DATA EXTRACT:
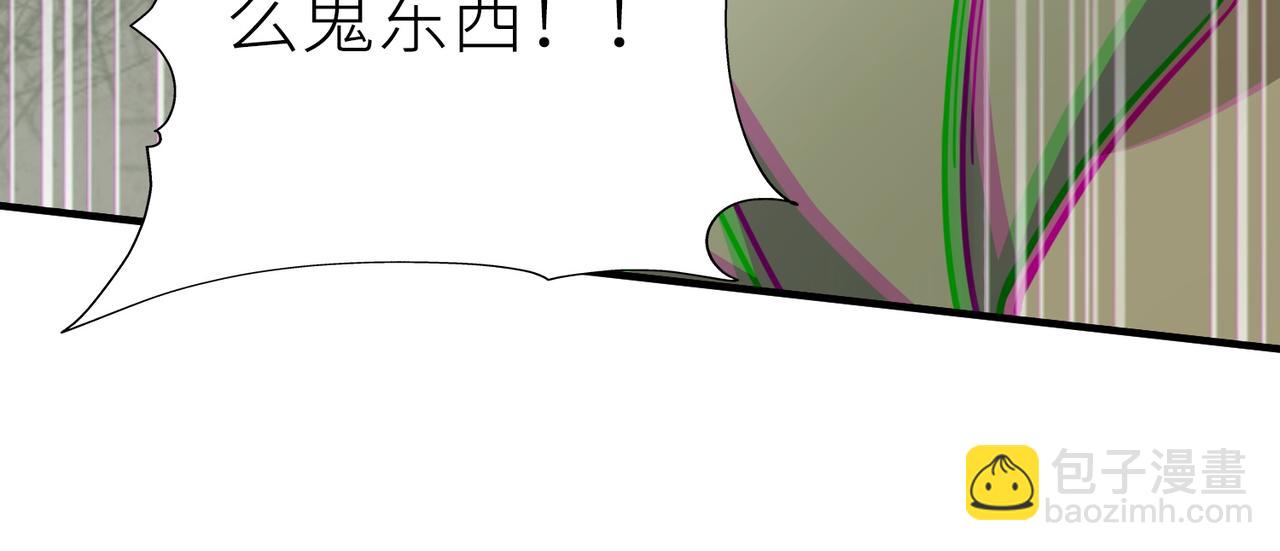 第9话 邪恶干尸74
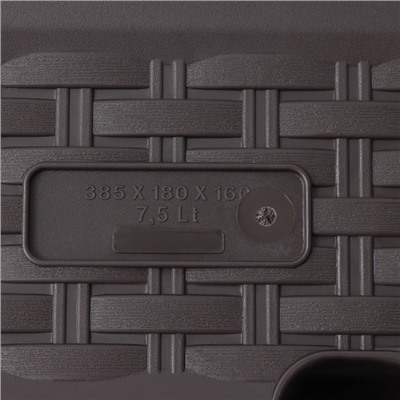 Ящик для цветов балконный «Ротанг», 7.5 л, 38.5×18×16 см, пластик, коричневый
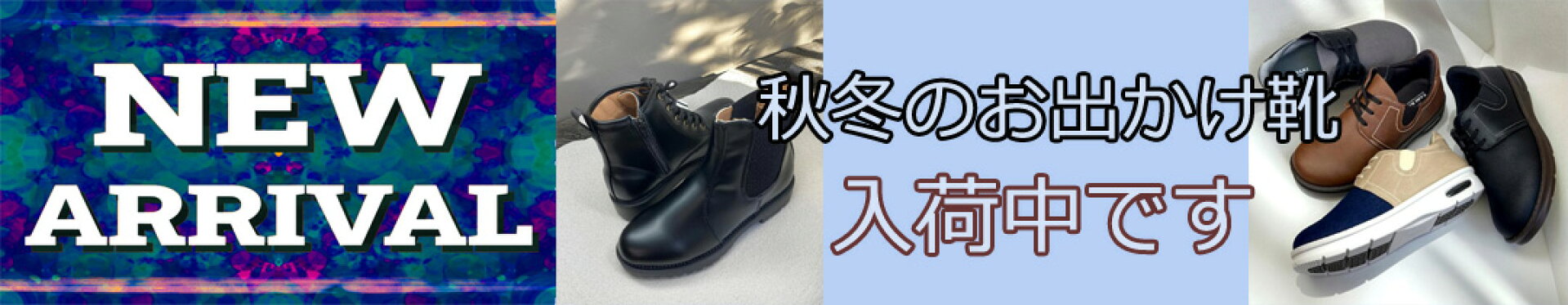 秋冬にお出かけ靴入荷中です！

EXERCISE DESCRIPTION:
I'd like the material repeated word for word, without the pictures it holds.

REPLY TO THE TASK:
 第9话 邪恶干尸74
 Ящик для цветов балконный «Ротанг», 7.5 л, 38.5×18×16 см, пластик, коричневый
 秋冬にお出かけ靴入荷中です！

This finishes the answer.